▶ TASK BRIEF: Find, in the records below, the line that contains "Fashion Ceiling Lights" and the line that contains "Sandali GD87 intreccio ecopelle". Copy those two lines and everything between them exactly, but not the pictures.
*** Opening INFORMATION PROVIDED ***
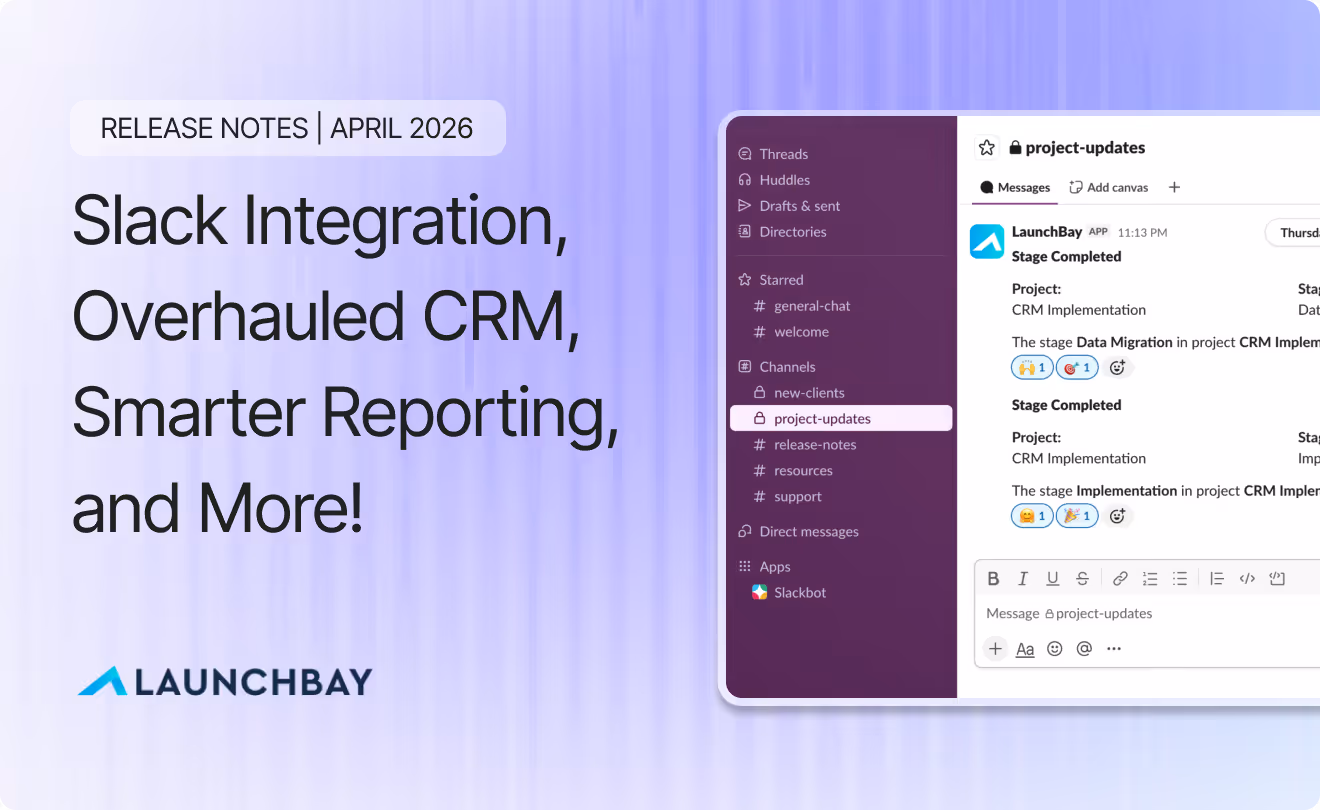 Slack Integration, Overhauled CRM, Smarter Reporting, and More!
*** Closing INFORMATION PROVIDED ***
*** Opening INFORMATION PROVIDED ***
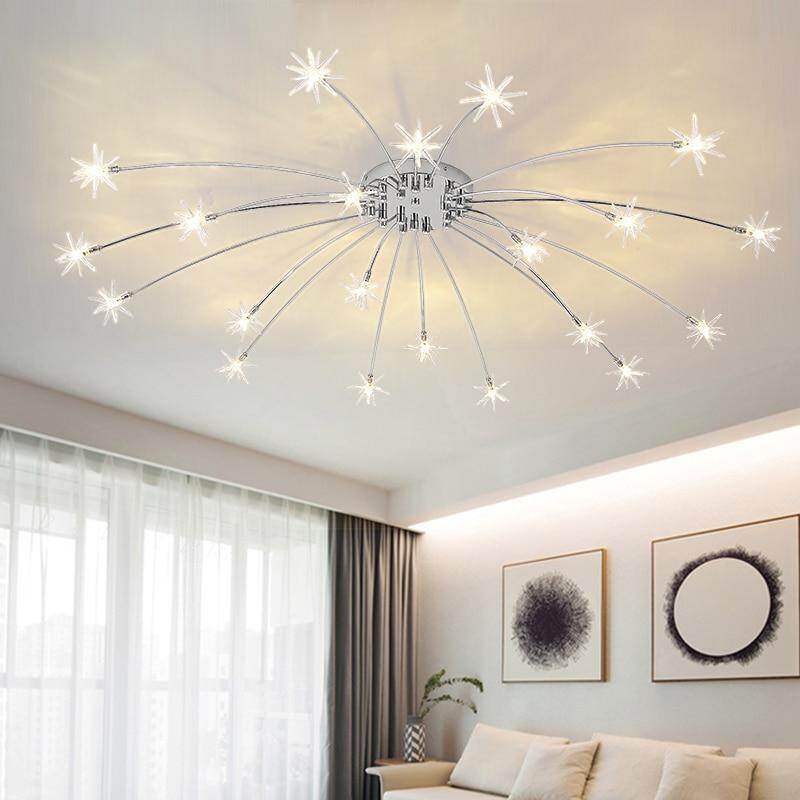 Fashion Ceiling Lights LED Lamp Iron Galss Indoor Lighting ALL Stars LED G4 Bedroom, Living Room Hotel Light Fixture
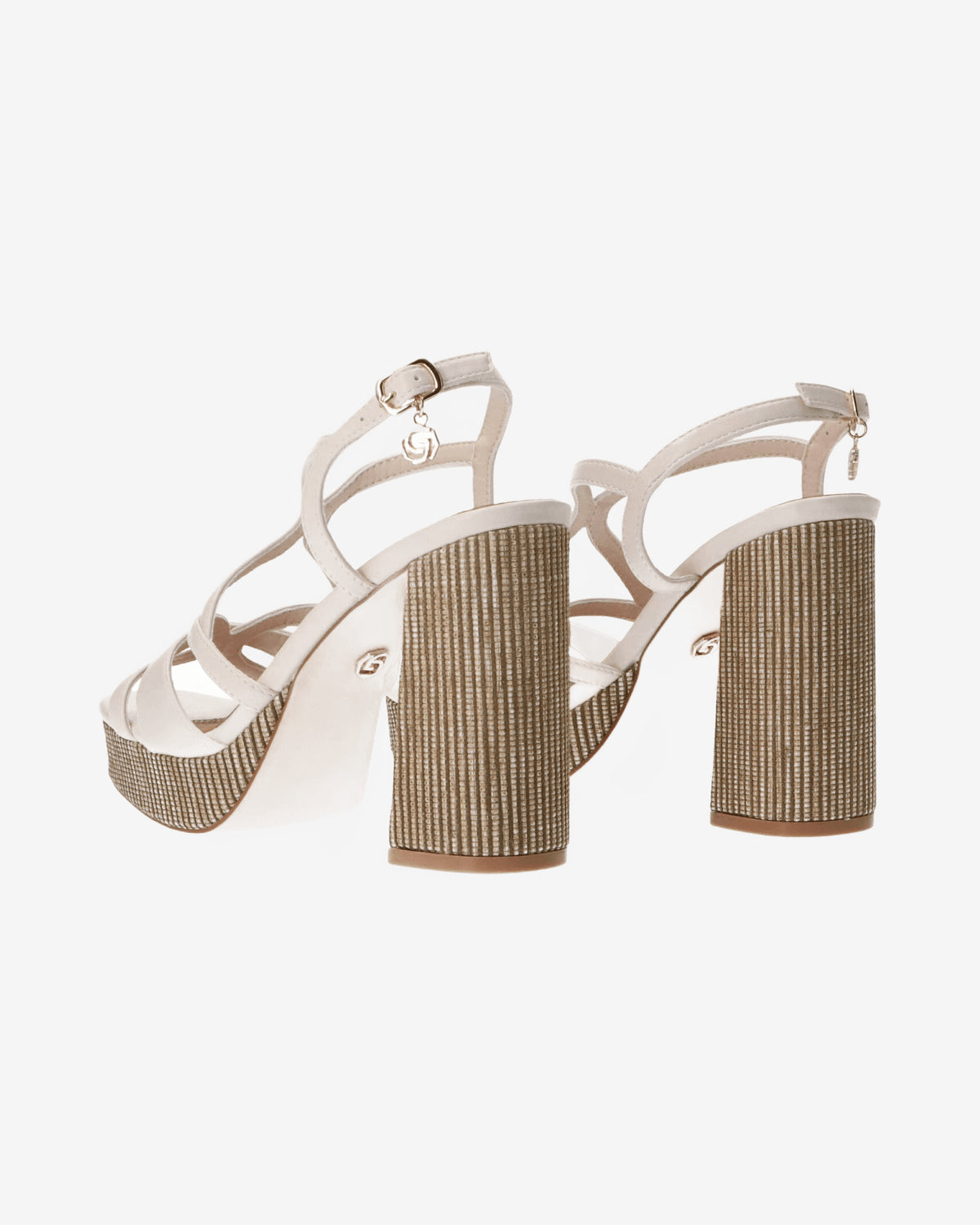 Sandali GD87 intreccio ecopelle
*** Closing INFORMATION PROVIDED ***
▶ ANSWER BOX:
 Fashion Ceiling Lights LED Lamp Iron Galss Indoor Lighting ALL Stars LED G4 Bedroom, Living Room Hotel Light Fixture
 Sandali GD87 intreccio ecopelle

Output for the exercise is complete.